I’ve written about this before. Every game, every loss, every dropped ball, and every missed save with count with a significant factor of 2.5, requiring a play intensity that is only seen in the postseason normally. The factor if you want to split hairs is between 2.5 and 2.7. Here is an example, if your closer blows 3 saves in a row, in a regular-season that would be like 10 saves blown, an unthinkable situation.  If say, Giancarlo Stanton hits three home runs in a series, it would be the same as hitting 10 home runs in a series during a regular season.  Or we could talk about Aaron Judge hitting 3 homers in two games.  Multiply that by 2.5. You get the point.

3. Image an AL Wild Card game played against a team you haven’t played against in your regular season.

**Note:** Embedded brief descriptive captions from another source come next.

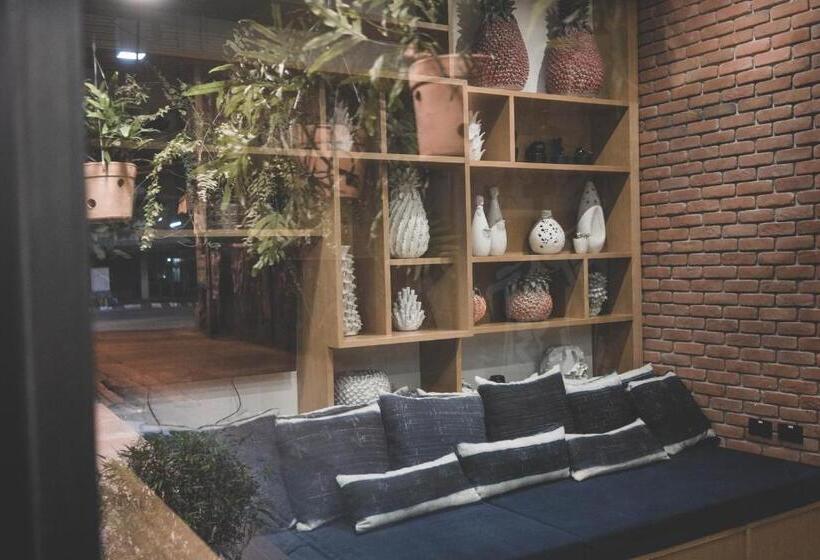 Отель Stay Thapae Hostel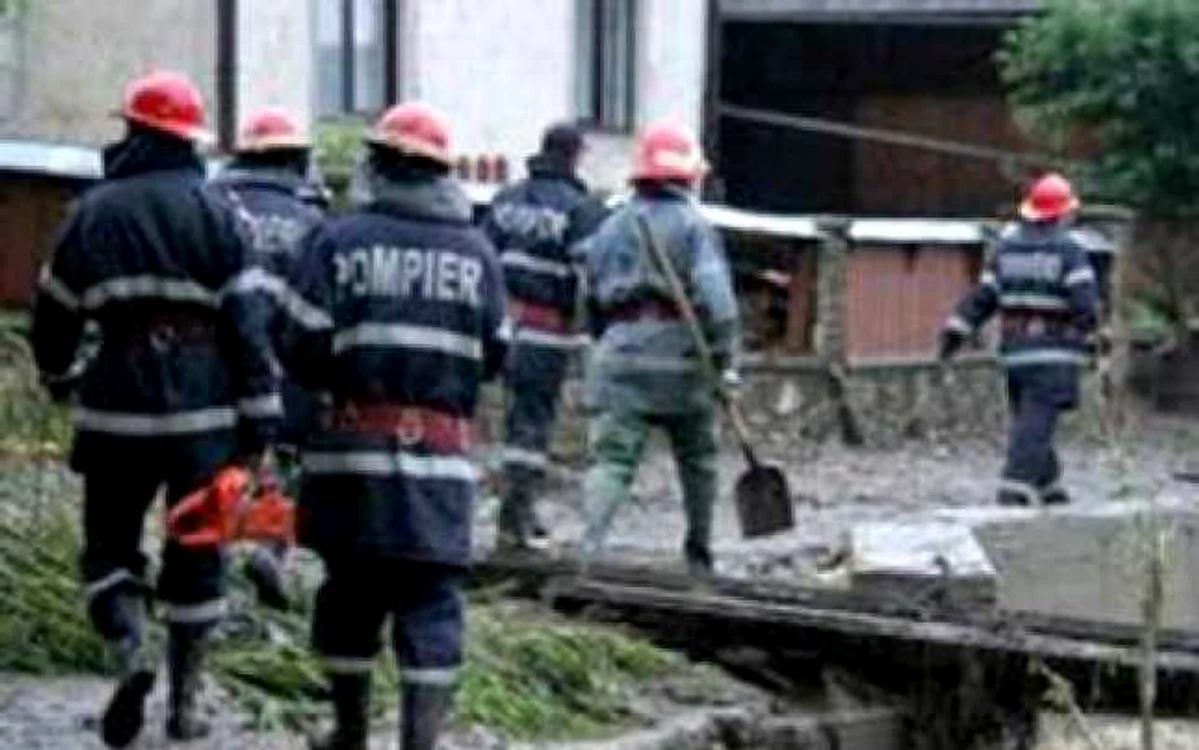 Gorj: Pompierii militari au scos, dintr-un bloc, un bărbat decedat de 150 kg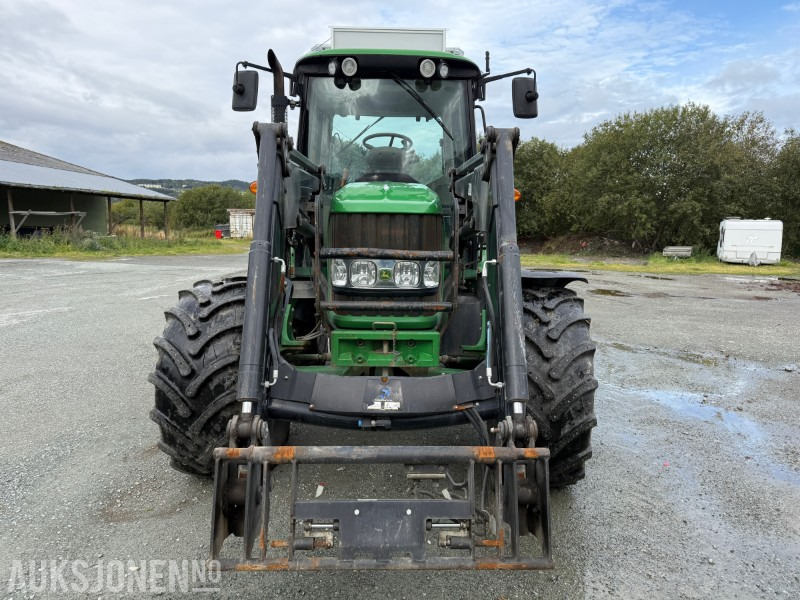 2011 John Deere 6230 Premium 40 km - Трактор: снимка 2 2011 John Deere 6230 Premium 40 km - Трактор: снимка 2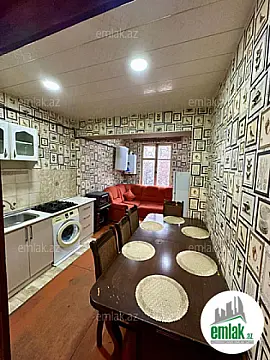 Satılır 3 otaqlı köhnə tikili 85 m²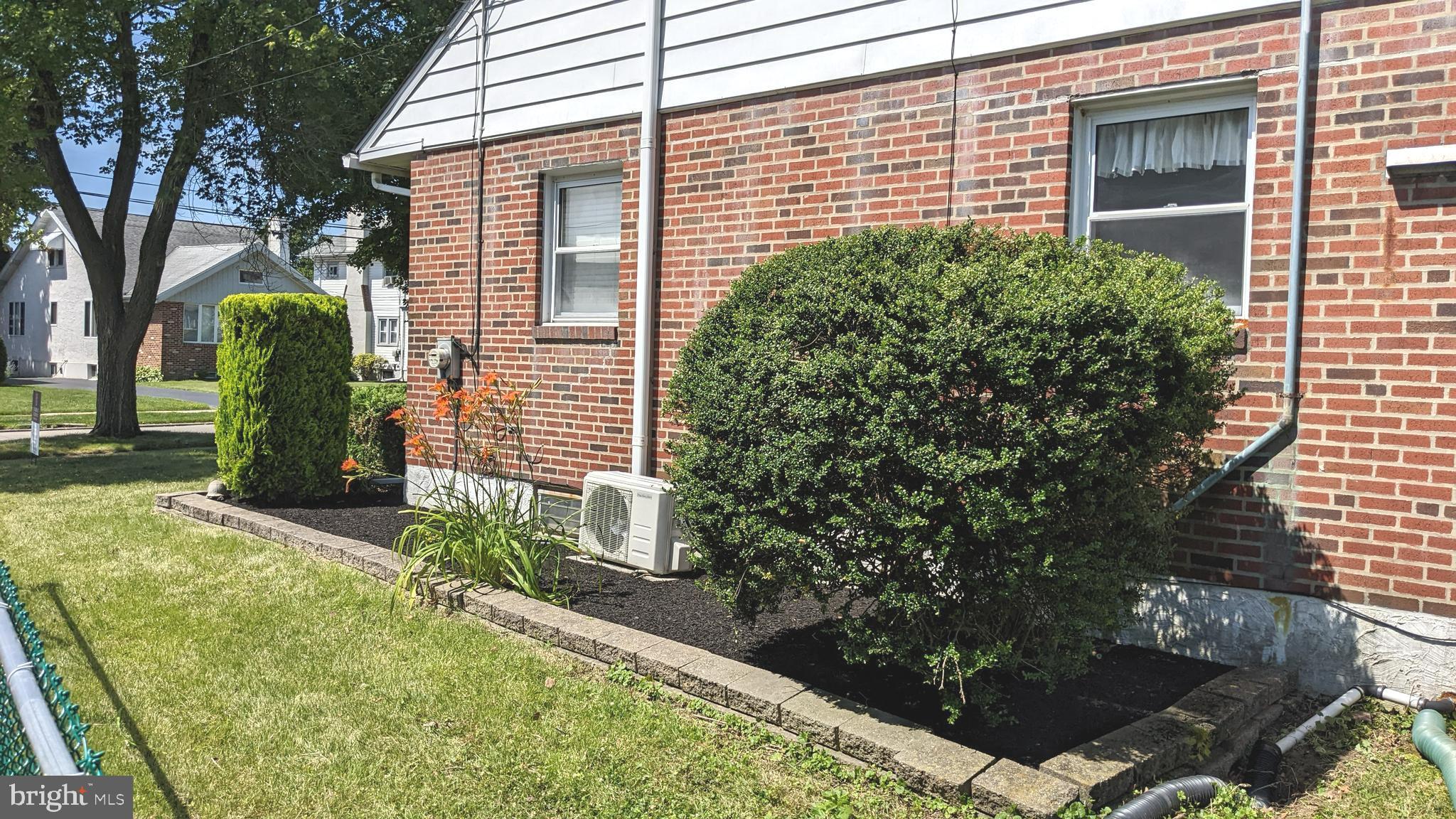 321 Nicholson Road Ridley Park, PA 19078 - Photo 8 of 55 Split AC for 2nd floor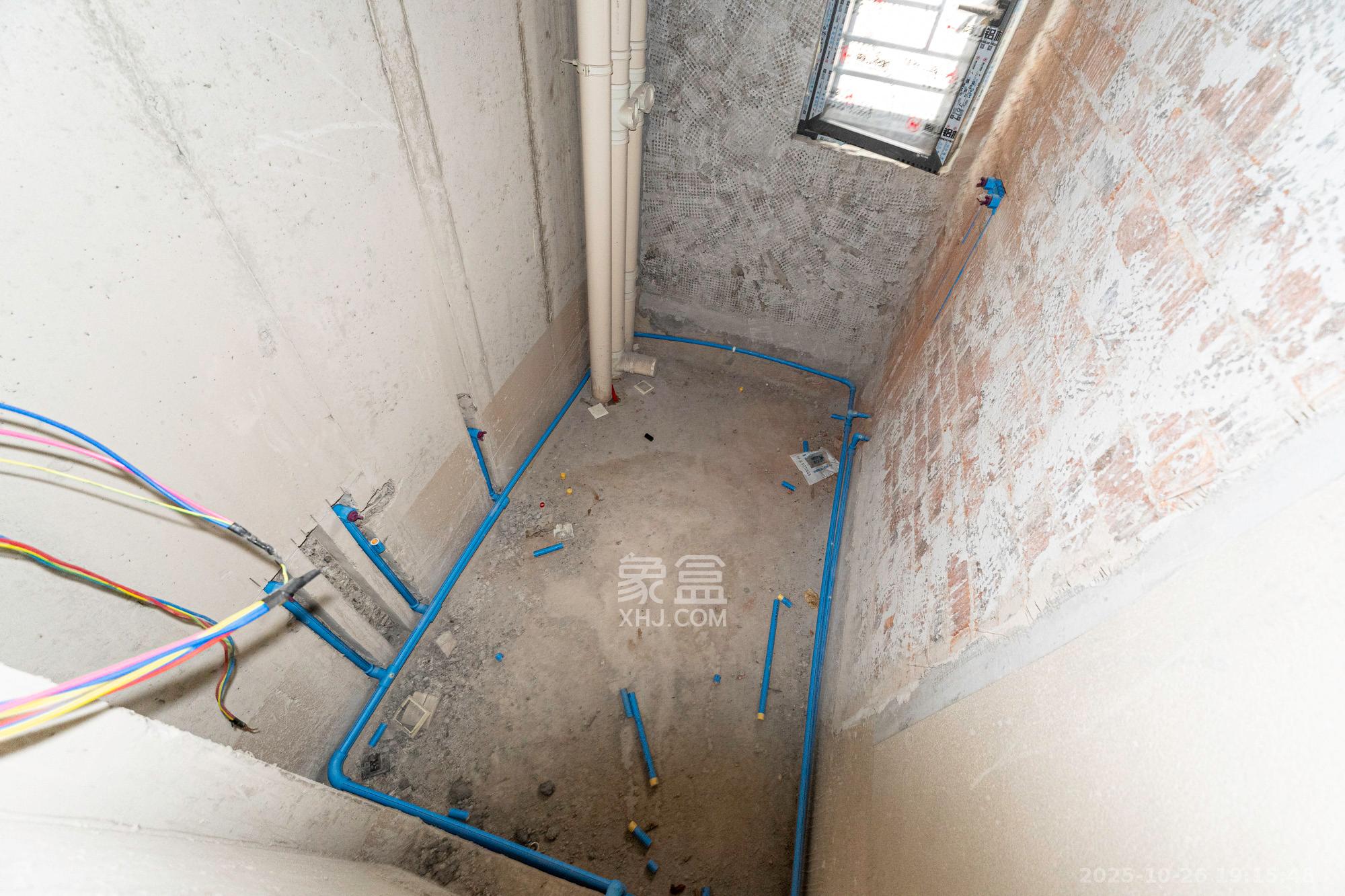 兴进珺府  3室2厅1卫    74.8万 兴进珺府  3室2厅1卫    74.8万卫生间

This 2020 season is marvelously set up so teams don’t have to travel much. Teams in the three geographic regions will still get to play their traditional rivals and they will also play the teams in the opposing League.  But think about this for a moment.  In a short season in the end there may be as many as seventeen teams playing for a wild card position.  Any given team may have to for a wild card berth against a team they have never played against.  Example the White Sox playing against the Blue Jays.  Fair?  Probably not.

4. What’s the big deal with the man on 2nd after nine innings?

Many baseball purists make a big deal over the man on 2nd in each half inning after nine innings.  Think about in a short season we don’t want bullpens worn out from fifteen inning games.  In a short 60 game season bases on statistics that might happen only five or six times, so it really isn’t a big deal.

5. Is there a home-field advantage in 2020?

In a normal 162 game season, it is well known that there is a home-field advantage in both an individual series and in the postseason. But is there a home-field advantage, if there is will it be fair.  No. The Toronto Blue Jays won’t be able to have real home games because they can play at Roger’s Center.  In other parks with no fans in the stands does it lessen the home-field advantage. Yes, it does.  This will be a season like no other.

6. Is the 2020 season fair to all?

No, it’s not. I’ve already mentioned the Toronto Blue Jays having no home park to play in.  Are they at a disadvantage?  Probably.  Then there is the situation of the St. Louis Cardinals.  In the normal season, the would have played nine competitive fun-filled games with the New York Yankees. Now instead they will play 10 games against the lowly Kansas City Royals and Detroit Tigers.  Far to the other teams, hell no.  What a gift.